1965 novel by James M. Cain

The Magician's Wife is a novel by James M. Cain published in 1965 by Dial Press.

In plot and theme, the work is a near facsimile of Cain's 1934 critical and popular success, The Postman Always Rings Twice.

The Magician's Wife is one of only three of Cain's fourteen novels published in his lifetime that he wrote in the third-person narrative form; the others are Mildred Pierce (1941) and Love's Lovely Counterfeit (1942). The bulk of his novels are written from his preferred first-person point of view.

Despite Dial's efforts to revive Cain's career with The Magician's Wife, it proved a commercial and critical disappointment. Cain would not see another of his novels published until 1975.

==Publication history==
Cain modeled The Magician's Wife on the same formula he employed in his novels of the 1930s: "An adulterous triangle, the murder of the husband…an animal abandon to sexuality, a fixation on eating [and] the two lovers turn on each other, and both die."

Cain began The Magician's Wife as a first-person narrative, delivered by the lead protagonist, Clay Lockwood. He reconsidered after examining his 1941 novel Mildred Pierce and decided to switch the point-of-view of his work in progress to a third-person narrative. This decision would contribute to the "excessive verbiage" that characterizes the novel.

The editorial management at Dial was in disarray when Cain began writing The Magician's Wife in 1963. Jim Silberman Dial's editor, left for Random House, and Dial saw a succession of chief editors: Richard Baron, Henry Robbins, and E. L. Doctorow, limiting the timely guidance Cain requested for revisions.

A first draft of The Magician's Wife was completed in November 1963, and Cain sent it to his agent Ivan von Auw.
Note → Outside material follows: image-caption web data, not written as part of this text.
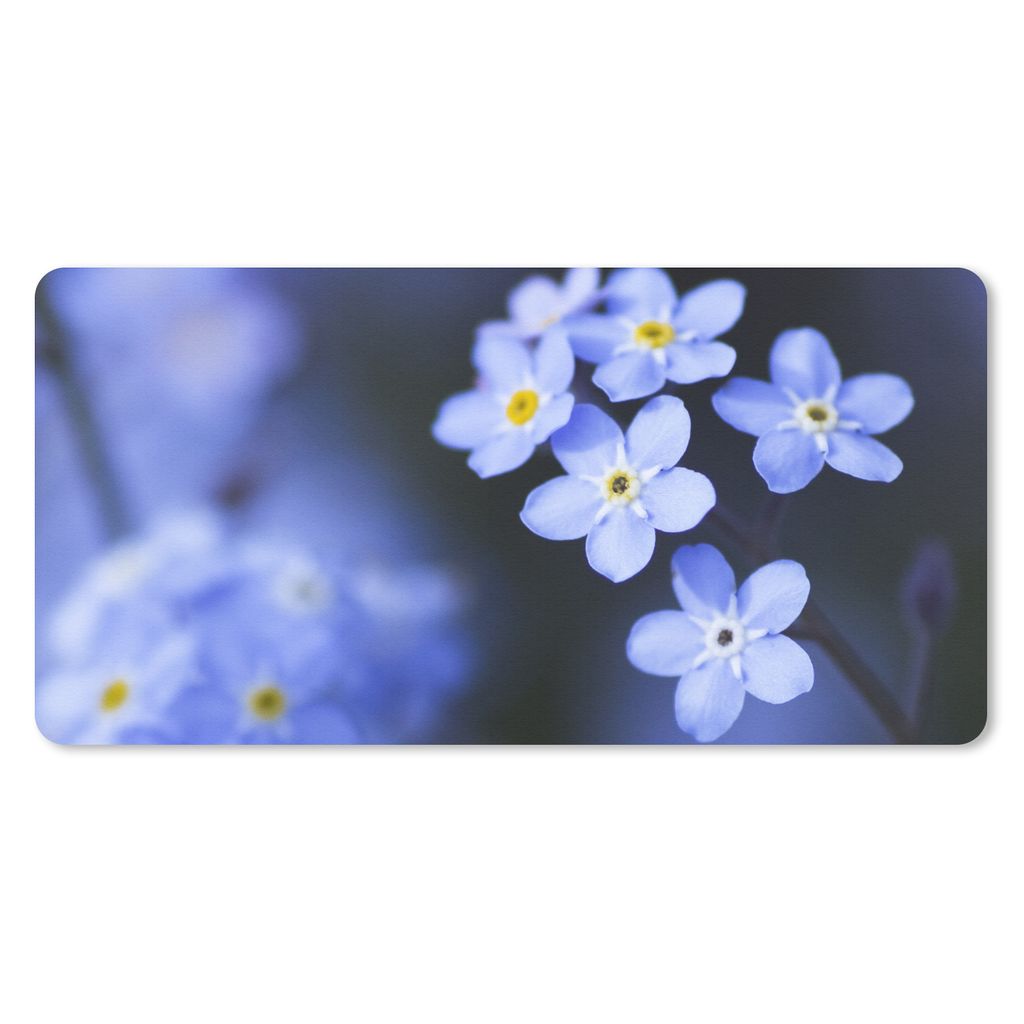 MuchoWow Schreibtischunterlage Nahaufnahme eines Vergissmeinnicht 80x40 cm - XXL Mauspad - Gaming Mauspad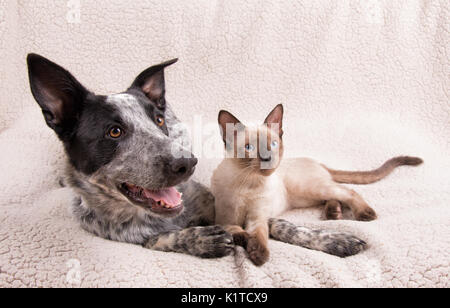 Adorably niedlichen Hund und Katze zusammen auf einer weichen Decke, mit Blick auf das Recht des Zuschauers Stockfoto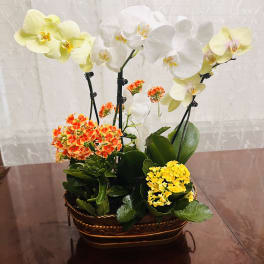 Lovely Fall Orchids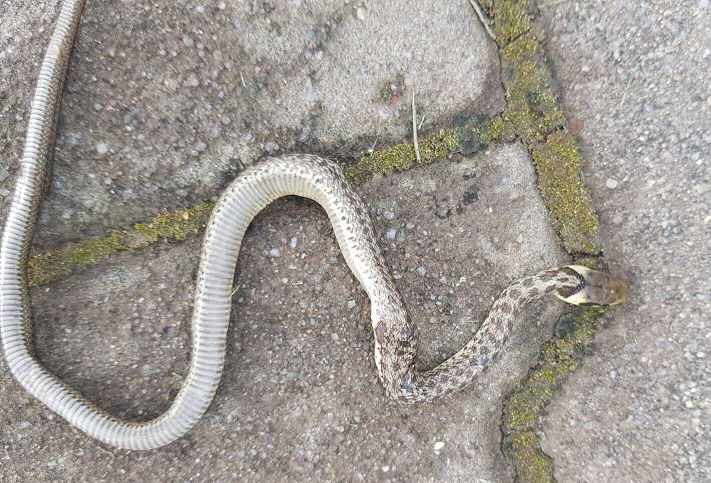 Atenție! În Curtea de Argeş au fost văzute vipere!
His response was cool, questioning the credibility of the characters. Cain rewrote the novel, changing the ending from a happy one into one that involves a double homicide and the death of the hero. Dial approved the revised version for publication pending some unspecified changes. The newest chief editor, E. L. Doctorow, demanded detailed edits, and according to Cain, gave him a "writing lesson." By early 1965, Cain was making major revisions to The Magician's Wife, though Dial appeared to be indifferent as to whether completed the novel or not.

During this period, Dial published Norman Mailer's An American Dream (1965). In critic Tom Wolfe's New York Herald Tribunes Book Week review of the work, he commented that Mailer's literary style emulated that of James M. Cain, but regretted that he "could not match Cain in writing dialogue, creating characters, or carrying character through a long story…"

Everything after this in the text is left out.